### TASK PROMPT
From the entries below, reproduce exactly the line containing "八字取小名男孩名字(八字取小名大全免費)-第1張-男孩起名-玄機派", the line containing "如何通过日韩一区获得新体验？，日韩地区", and every line in between, with nothing added.

### GIVEN ENTRIES
▬▬▬

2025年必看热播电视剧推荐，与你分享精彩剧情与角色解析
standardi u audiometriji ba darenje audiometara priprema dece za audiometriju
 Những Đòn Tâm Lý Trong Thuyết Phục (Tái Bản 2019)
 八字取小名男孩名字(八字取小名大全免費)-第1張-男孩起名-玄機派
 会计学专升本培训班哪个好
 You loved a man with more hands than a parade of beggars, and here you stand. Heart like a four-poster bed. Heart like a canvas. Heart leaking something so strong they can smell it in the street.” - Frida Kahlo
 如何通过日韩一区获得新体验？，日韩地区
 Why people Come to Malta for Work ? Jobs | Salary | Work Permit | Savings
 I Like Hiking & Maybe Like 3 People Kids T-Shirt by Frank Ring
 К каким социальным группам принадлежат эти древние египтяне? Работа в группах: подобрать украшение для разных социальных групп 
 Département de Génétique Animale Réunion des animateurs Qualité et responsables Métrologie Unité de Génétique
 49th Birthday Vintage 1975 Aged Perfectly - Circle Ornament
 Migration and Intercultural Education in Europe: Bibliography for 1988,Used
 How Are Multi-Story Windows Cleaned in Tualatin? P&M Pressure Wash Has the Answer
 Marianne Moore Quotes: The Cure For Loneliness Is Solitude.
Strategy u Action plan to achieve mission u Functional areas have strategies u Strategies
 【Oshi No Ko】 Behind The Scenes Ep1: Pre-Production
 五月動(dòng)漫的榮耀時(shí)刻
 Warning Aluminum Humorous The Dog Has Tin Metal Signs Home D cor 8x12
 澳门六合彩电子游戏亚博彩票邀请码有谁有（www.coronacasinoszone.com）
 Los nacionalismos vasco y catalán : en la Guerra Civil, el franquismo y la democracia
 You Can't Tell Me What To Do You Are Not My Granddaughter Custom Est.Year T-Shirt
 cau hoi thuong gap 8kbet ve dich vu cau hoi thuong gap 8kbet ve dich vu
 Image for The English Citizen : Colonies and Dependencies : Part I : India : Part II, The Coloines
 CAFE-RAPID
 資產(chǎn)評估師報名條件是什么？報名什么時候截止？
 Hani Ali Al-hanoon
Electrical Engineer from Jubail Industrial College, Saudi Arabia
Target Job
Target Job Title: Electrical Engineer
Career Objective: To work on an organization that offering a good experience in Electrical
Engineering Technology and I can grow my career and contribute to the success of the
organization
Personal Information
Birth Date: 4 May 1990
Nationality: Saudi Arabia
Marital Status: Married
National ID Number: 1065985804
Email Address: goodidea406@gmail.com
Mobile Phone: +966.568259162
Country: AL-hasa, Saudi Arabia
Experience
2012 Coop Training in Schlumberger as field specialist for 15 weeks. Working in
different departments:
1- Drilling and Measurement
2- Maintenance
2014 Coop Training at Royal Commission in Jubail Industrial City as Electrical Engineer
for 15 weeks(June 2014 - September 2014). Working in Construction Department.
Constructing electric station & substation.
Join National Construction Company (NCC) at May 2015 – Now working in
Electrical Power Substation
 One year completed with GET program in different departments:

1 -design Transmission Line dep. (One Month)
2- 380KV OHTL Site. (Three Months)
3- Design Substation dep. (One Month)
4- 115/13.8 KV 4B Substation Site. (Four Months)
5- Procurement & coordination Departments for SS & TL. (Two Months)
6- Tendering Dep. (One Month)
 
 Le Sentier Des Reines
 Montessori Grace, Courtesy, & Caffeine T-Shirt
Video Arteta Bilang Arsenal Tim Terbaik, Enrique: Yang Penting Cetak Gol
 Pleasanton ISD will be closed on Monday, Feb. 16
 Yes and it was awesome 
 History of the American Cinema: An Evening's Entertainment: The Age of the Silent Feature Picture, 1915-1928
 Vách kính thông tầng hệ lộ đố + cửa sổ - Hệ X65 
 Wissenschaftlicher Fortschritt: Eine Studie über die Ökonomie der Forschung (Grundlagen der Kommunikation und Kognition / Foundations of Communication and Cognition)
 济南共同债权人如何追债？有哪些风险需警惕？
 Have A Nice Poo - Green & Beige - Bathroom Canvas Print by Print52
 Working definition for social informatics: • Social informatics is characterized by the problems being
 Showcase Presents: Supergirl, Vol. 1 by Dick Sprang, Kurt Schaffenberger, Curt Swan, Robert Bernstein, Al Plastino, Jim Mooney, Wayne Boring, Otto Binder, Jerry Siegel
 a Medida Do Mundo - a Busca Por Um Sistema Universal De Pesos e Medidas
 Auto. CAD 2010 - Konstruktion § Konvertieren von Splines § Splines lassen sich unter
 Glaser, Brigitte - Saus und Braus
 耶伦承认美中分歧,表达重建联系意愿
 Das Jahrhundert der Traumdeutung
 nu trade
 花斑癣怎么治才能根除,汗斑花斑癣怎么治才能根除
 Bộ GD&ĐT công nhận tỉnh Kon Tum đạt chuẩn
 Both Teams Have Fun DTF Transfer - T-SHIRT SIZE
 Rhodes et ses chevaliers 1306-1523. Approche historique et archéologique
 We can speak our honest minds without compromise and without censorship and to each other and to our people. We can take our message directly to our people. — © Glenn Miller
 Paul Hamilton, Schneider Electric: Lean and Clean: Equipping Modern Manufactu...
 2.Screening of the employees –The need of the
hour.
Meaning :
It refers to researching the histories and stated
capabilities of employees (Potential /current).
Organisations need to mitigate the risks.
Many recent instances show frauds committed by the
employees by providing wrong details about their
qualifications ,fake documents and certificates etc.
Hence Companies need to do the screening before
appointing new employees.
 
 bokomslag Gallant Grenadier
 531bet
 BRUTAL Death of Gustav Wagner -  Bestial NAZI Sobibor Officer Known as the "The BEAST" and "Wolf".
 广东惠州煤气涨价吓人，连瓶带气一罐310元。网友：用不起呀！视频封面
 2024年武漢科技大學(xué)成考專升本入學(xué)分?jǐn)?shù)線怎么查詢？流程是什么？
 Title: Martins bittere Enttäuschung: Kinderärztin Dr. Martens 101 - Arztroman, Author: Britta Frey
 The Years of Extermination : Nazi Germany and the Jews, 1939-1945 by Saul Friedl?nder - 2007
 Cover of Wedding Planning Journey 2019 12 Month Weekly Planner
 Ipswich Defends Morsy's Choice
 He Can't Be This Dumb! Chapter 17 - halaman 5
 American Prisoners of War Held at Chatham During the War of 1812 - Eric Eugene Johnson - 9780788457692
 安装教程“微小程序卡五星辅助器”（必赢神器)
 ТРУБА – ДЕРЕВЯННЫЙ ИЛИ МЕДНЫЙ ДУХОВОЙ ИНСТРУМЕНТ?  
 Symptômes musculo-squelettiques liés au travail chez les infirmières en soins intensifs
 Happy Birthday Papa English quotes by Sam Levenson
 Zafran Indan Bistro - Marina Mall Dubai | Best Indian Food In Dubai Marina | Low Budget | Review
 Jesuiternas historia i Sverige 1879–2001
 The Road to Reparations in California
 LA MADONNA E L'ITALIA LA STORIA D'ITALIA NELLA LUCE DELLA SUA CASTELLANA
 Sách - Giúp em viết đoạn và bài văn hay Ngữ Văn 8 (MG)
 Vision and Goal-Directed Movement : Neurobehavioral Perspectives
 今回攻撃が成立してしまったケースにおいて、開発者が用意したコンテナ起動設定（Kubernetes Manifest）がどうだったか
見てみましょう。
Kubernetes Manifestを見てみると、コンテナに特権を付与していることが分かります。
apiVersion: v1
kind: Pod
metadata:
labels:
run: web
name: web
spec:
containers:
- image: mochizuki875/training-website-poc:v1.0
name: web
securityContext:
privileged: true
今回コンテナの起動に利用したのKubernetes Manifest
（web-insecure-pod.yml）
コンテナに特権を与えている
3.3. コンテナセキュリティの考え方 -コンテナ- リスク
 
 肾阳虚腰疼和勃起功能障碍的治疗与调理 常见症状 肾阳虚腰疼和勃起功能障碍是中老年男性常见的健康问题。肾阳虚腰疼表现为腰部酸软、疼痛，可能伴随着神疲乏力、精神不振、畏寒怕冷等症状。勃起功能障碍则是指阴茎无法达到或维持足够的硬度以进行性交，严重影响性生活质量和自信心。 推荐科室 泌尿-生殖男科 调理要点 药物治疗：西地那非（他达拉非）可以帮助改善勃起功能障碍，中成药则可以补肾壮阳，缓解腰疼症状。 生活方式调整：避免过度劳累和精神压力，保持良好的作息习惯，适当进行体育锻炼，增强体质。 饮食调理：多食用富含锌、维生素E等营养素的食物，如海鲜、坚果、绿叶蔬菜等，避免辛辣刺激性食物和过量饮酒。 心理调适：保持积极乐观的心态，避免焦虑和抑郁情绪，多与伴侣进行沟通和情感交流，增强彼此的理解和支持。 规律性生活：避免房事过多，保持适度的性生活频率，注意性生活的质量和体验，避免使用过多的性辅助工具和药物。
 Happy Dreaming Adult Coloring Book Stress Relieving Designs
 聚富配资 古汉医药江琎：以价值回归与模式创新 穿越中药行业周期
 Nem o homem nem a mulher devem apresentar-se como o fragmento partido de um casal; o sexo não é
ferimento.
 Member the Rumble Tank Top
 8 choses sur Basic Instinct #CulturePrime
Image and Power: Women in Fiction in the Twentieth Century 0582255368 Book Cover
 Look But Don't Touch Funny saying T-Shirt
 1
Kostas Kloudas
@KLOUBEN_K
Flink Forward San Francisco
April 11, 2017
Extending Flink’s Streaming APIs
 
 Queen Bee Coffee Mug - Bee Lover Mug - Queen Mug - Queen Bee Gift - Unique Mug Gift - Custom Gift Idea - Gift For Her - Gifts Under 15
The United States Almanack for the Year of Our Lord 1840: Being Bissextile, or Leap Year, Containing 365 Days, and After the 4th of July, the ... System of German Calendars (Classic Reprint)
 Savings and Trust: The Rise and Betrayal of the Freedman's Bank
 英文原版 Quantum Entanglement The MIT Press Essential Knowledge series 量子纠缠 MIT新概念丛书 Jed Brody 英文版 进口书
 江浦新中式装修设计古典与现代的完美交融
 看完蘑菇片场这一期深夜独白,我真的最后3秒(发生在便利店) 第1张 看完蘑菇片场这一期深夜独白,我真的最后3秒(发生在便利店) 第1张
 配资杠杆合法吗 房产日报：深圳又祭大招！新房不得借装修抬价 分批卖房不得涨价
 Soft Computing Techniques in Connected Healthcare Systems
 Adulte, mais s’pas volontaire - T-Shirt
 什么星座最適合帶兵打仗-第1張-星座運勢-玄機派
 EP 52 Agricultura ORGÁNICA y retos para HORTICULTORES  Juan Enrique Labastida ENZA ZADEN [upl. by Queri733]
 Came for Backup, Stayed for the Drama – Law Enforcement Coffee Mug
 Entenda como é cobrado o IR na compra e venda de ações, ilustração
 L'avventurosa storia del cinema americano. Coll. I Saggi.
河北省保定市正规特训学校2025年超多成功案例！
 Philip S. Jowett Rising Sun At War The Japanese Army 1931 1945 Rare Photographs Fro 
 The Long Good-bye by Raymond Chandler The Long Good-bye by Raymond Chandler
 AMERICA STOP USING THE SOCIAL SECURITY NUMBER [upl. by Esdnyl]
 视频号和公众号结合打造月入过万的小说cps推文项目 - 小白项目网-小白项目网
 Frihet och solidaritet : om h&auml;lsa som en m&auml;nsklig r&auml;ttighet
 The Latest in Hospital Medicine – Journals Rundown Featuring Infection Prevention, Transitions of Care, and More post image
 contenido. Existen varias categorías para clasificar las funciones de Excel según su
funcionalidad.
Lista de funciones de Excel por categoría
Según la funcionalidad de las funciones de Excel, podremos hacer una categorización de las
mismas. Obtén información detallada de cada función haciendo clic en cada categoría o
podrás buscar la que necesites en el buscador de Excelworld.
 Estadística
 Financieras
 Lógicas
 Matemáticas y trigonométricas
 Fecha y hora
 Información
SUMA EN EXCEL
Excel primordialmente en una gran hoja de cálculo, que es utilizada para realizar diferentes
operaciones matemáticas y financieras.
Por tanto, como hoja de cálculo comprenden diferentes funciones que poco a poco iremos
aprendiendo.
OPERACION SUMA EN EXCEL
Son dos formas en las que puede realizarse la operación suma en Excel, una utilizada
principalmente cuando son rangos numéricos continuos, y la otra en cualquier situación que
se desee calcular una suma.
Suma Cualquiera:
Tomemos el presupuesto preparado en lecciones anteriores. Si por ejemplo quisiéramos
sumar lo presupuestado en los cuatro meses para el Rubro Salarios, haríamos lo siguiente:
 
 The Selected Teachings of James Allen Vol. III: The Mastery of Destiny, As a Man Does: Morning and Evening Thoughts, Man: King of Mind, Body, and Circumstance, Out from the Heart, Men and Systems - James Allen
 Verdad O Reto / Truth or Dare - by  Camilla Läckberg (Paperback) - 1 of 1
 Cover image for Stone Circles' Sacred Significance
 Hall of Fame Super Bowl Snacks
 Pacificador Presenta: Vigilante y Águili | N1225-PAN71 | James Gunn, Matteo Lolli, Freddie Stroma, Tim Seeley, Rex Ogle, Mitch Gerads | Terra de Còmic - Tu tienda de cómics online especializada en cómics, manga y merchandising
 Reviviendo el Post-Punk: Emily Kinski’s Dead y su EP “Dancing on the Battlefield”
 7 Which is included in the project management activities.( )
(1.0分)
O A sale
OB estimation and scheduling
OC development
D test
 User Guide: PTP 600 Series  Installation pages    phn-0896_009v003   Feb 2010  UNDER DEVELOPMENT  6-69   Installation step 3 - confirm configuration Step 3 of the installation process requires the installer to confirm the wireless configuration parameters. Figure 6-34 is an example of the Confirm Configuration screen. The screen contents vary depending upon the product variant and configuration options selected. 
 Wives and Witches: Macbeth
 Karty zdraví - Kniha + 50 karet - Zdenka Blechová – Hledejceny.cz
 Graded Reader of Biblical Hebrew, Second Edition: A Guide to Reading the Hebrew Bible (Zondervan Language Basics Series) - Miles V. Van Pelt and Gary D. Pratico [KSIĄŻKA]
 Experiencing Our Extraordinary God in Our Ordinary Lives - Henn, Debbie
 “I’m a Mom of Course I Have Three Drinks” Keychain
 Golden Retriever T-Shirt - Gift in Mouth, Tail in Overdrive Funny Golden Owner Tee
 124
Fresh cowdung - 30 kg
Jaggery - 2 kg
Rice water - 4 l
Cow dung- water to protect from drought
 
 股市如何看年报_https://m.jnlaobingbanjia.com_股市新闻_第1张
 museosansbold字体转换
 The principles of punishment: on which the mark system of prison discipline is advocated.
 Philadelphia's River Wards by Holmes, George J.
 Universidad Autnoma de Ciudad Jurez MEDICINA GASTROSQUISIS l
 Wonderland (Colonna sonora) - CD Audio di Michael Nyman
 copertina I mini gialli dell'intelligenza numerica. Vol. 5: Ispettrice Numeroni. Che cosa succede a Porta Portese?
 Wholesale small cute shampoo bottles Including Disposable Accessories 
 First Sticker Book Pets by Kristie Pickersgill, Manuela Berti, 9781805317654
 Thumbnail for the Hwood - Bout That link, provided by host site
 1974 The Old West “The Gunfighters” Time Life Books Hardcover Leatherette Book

▬▬▬

### RESPONSE AREA
 八字取小名男孩名字(八字取小名大全免費)-第1張-男孩起名-玄機派
 会计学专升本培训班哪个好
 You loved a man with more hands than a parade of beggars, and here you stand. Heart like a four-poster bed. Heart like a canvas. Heart leaking something so strong they can smell it in the street.” - Frida Kahlo
 如何通过日韩一区获得新体验？，日韩地区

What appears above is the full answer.